Judul pertunjukannya: Galigo: Nawanawana Sawerigading, dipentaskan oleh Teater SATU dari SMA Negeri 1 Makassar.
Pertunjukan ini secara berani menyoroti konflik batin tokoh legendaris Sawerigading, yang terjerat dalam cinta terlarang terhadap saudari kembarnya sendiri, We Tenri Abeng.
Ketika hasrat itu tak bisa diwujudkan, Sawerigading memilih untuk meninggalkan tanah kelahirannya dan bersumpah tidak akan pernah kembali.

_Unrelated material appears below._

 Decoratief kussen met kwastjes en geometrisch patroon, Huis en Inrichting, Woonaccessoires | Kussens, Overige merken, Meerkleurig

Ia kemudian berlayar mengarungi samudera takdir, hingga akhirnya bertemu dengan We Cudai, putri mahkota dari istana La Tanete di negeri Cina. Dari pernikahan inilah lahir seorang anak laki-laki: I La Galigo, sang tokoh utama dalam naskah epik tersebut.

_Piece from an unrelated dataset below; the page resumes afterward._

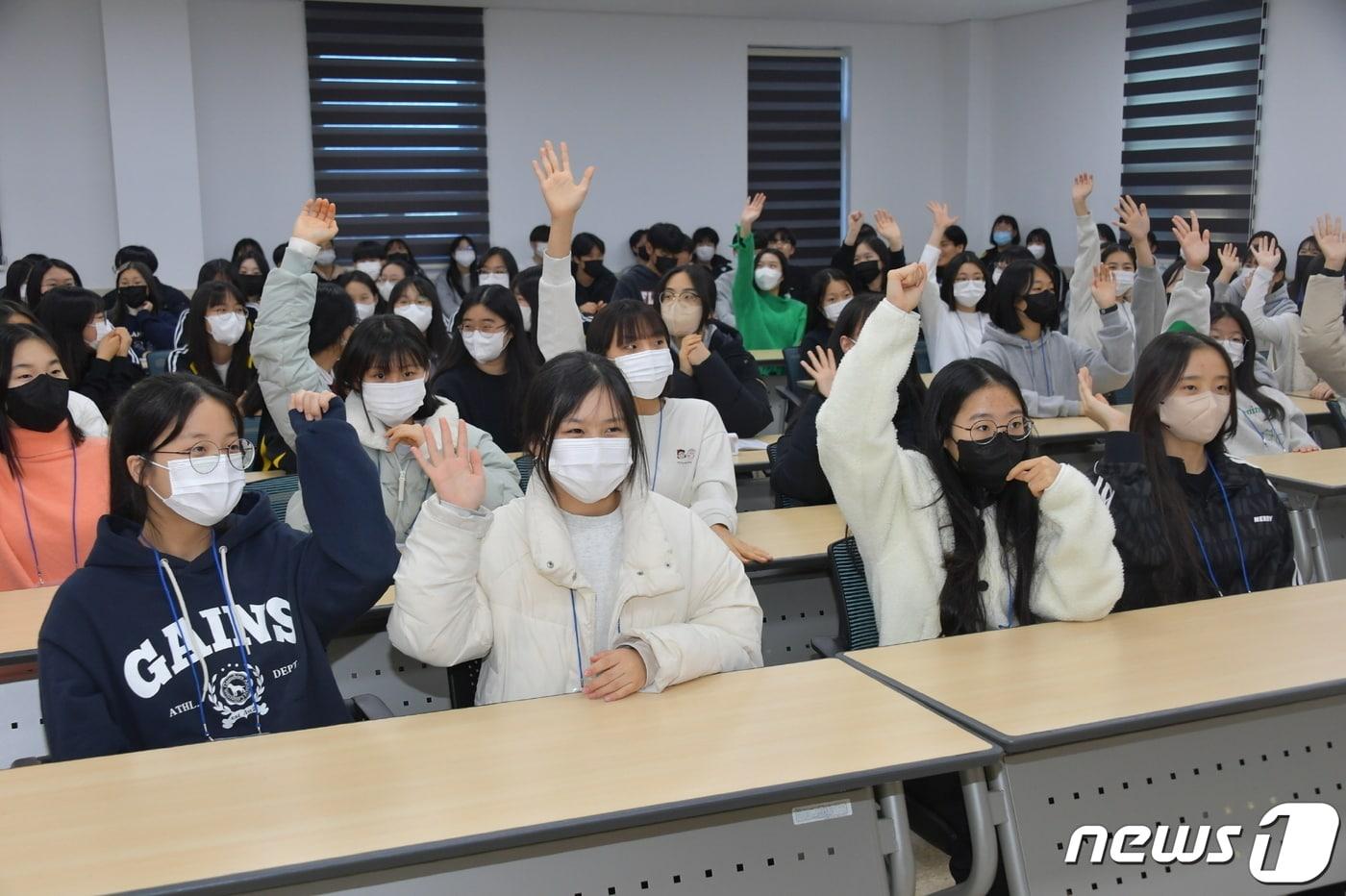 전북 순창군이 지역 출신 대학생들의 4년 등록금을 책임지는 파격적 지원을 결정했다. 이는 최영일 군수의 공약이기도 하다. 사진은 &#39;인재 양성의 요람&#39;으로 불리는 순창 옥천인재숙의 졸업생 모습.&#40;순창군 제공&#41;/뉴스1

Yang membuat pertunjukan ini istimewa adalah penggunaan bahasa Bugis Kuno, sebagaimana tertulis dalam manuskrip asli Sureq Galigo—sebuah naskah sastra Bugis kuno yang dikenal sebagai salah satu yang terpanjang di dunia.

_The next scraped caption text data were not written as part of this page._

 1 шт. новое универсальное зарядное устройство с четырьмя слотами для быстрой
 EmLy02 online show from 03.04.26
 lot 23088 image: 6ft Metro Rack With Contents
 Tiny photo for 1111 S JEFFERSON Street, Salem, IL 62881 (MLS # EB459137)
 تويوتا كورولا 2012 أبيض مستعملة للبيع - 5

Karya ini telah diakui UNESCO sebagai Warisan Budaya Dunia dalam kategori Memory of the World pada tahun 2011.
Galigo: Nawanawana Sawerigading bukan hanya sebuah pertunjukan panggung, tetapi juga bentuk pelestarian bahasa dan sastra klasik yang nyaris punah.
Dengan membawakan kisah ini menggunakan bahasa asali yang nyaris tak lagi digunakan dalam keseharian, Teater SATU turut menghidupkan kembali warisan budaya yang sangat berharga.
Prestasi mereka tak main-main. Selain dinobatkan sebagai Penyaji Terbaik I, pertunjukan ini juga menyabet empat penghargaan khusus dalam ajang tersebut, yakni:
-
Skenario Terbaik
-
Penata Musik Terbaik
-
Penata Artistik Terbaik
-
Pemeran Wanita Terbaik
Kemenangan ini bukan hanya menjadi pencapaian bagi Teater SATU Makassar, tapi juga menjadi bukti bahwa karya sastra klasik seperti Sureq Galigo tetap relevan dan hidup dalam ruang budaya generasi muda.